As the start of a major construction project along the narrow, one-way stretch of Forest Street draws near, planning officials are urging those in charge to coordinate and communicate with police and merchants on matters of parking and traffic.
Construction will start this summer of a three-story mixed residential-and-retail complex at 21 Forest St. The project will see two commercial spaces, seven residential units, a pocket park and 48-space parking lot go in where The Farmer’s Table (now across the street), Forest Street Deli and a long-vacant parking lot have been located for years.
The street will be “shut down for hours at a time,” Planning and Zoning Commissioner Dan Radman said Tuesday at the group’s meeting.
“You’re going to be staging, bringing steel in, and cement trucks and everything else,” Radman said at the meeting, held in the Sturgess Room of the New Canaan Nature Center’s Visitors Center. “That street is effectively closed, and just making it clear to the merchants on that street that they will have no vehicular traffic during that time [is important].”
[acx_slideshow name=”Forest Street Development”]
Darien resident Christopher Gatto, who owns the property, said that he’d visited all the merchants on Forest about one month ago and “everyone we spoke to is in favor of the project and support it.”
“It’s going to take some time to implement this, build this building and generally what I am hearing is that folks on the street welcome this development, because they feel that this vacant parking lot is not helping the merchants presently, so seeing this building built and bringing some new businesses onto the street, some residences onto the street, everyone views as a positive,” Gatto said. “They understand it will be a transition. There will be a period of discomfort. We’re going to try and minimize that as best we can.”

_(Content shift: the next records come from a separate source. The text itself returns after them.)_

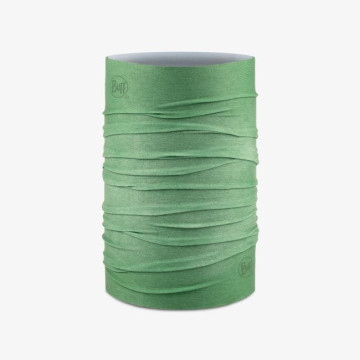 Пов'язка Buff Original Ecostretсh Mint зелений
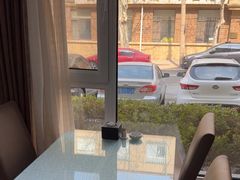 -品味居·首店·大连鲜活海鲜大连菜(东港店)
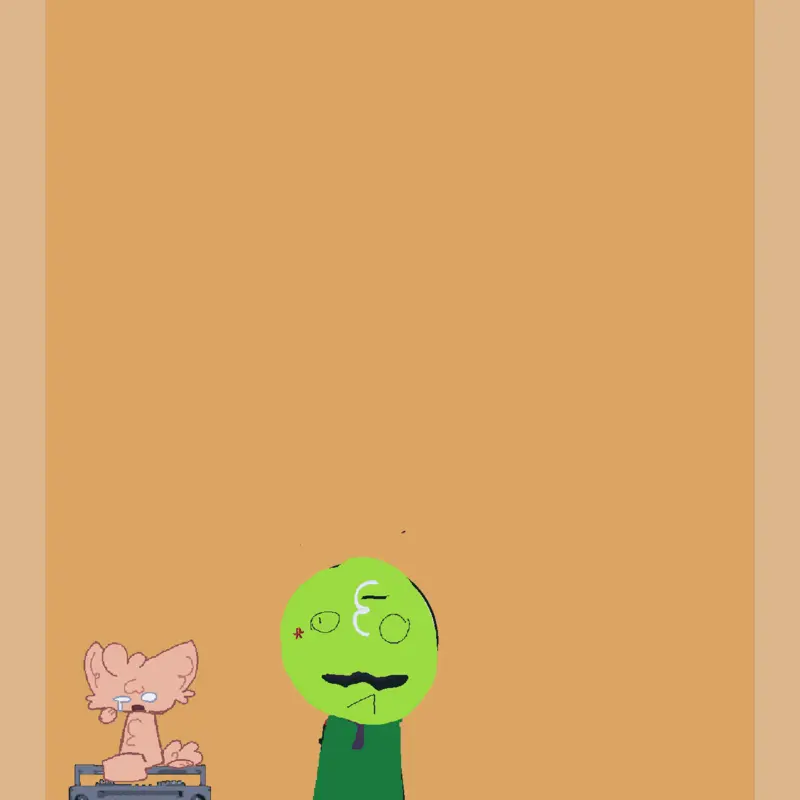 Лл by @fyu-fgjuu67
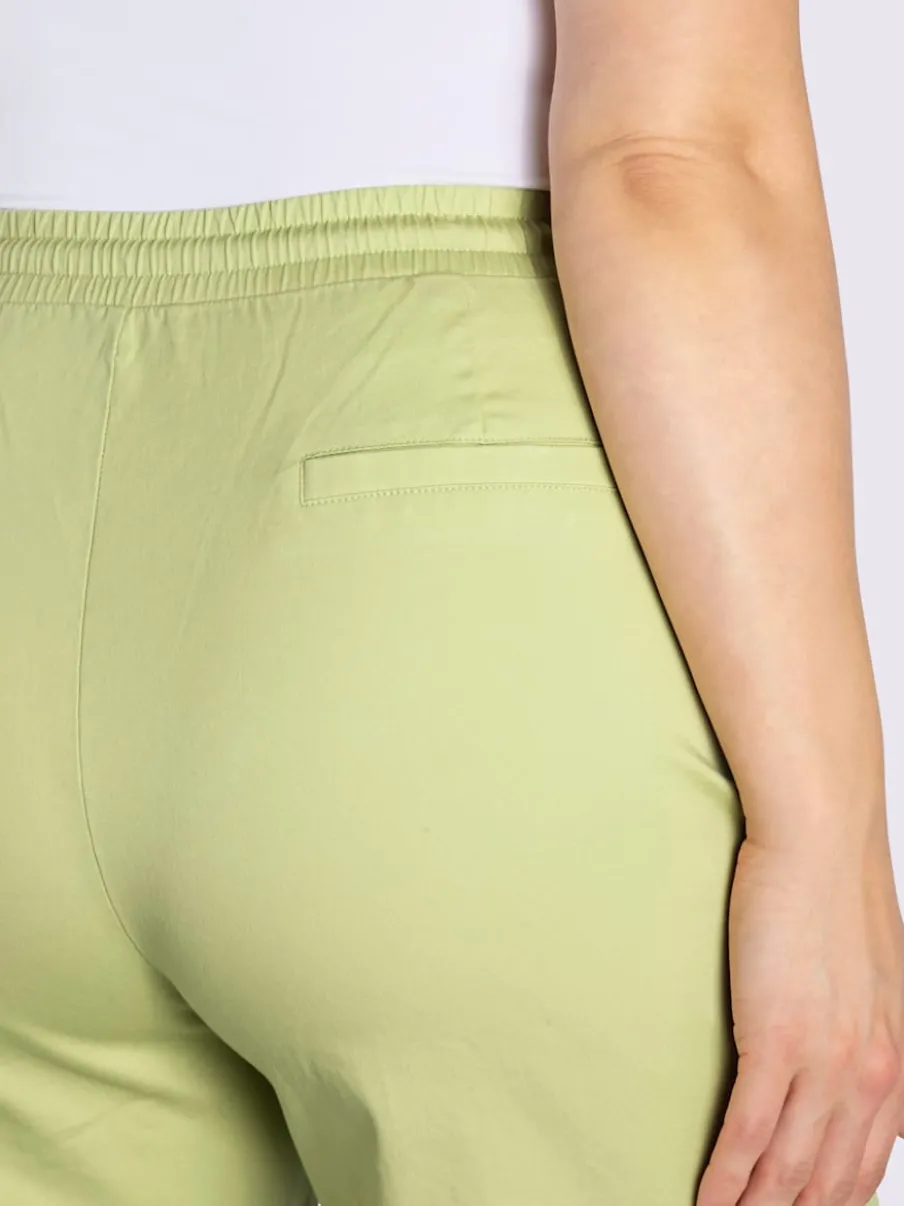 Pantalon jogpant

Radman noted that the residents who park on Forest must be a consideration—say, if they park there at 9 a.m. and a steel truck delivery comes one hour later and they can’t get out. He suggested working with town officials for those planned deliveries to make sure paper notices go up and down the street to give fair warning.
Commissioner Jack Flinn urged Gatto and Jeff Wyszynski, COO at Hartford-based Tecton Architects Inc., which designed the complex (slideshow above), to coordinate with police. Flinn and commissioner Tony Shizari noted that the area is typically full of children, such as those at the New Canaan Dance Academy.
Wyszynski said the matter of parking is further complicated because he’s relocation preexisting storm water drains in the street.
“There will be a period where we’ll need to take those parking spaces that exist above that pipe,” he said.